▶ _TASK OBJECTIVE_: Pictures excluded, retype the lines from the one containing "Old Navy Women" through the last line of the data below, both included.

▶ _DATA EXTRACT_:
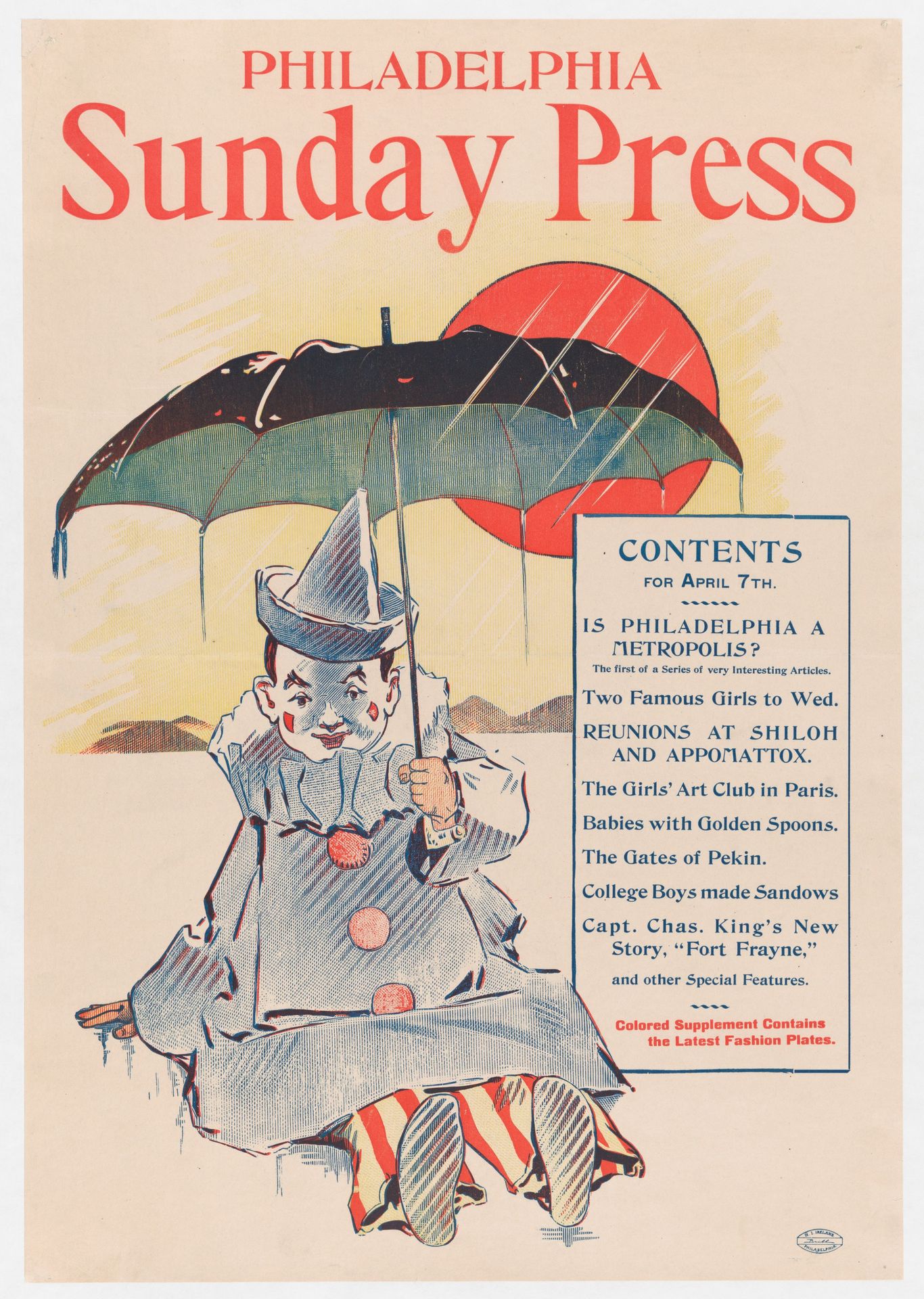 Advertisement for Philadelphia Sunday Press: April 7, 1896 by George Reiter Brill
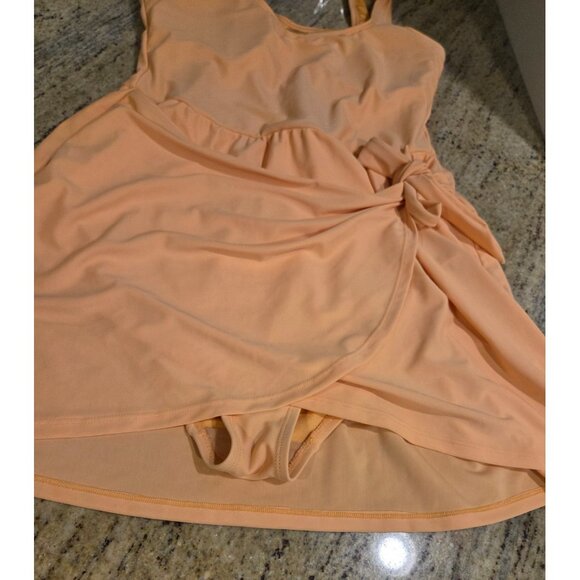 Old Navy Women Wrap-Front Swimsuit Swim Dress Side-Tie Sarong Style M Orange - Picture 3 of 11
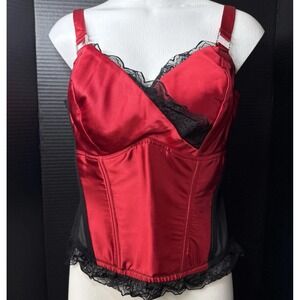 Cacique Corset Bustier Satin Lace Up Lingerie Top Red Black Size 22 24 READ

▶ _SOLUTION TO THIS TASK_:
 Old Navy Women Wrap-Front Swimsuit Swim Dress Side-Tie Sarong Style M Orange - Picture 3 of 11
 Cacique Corset Bustier Satin Lace Up Lingerie Top Red Black Size 22 24 READ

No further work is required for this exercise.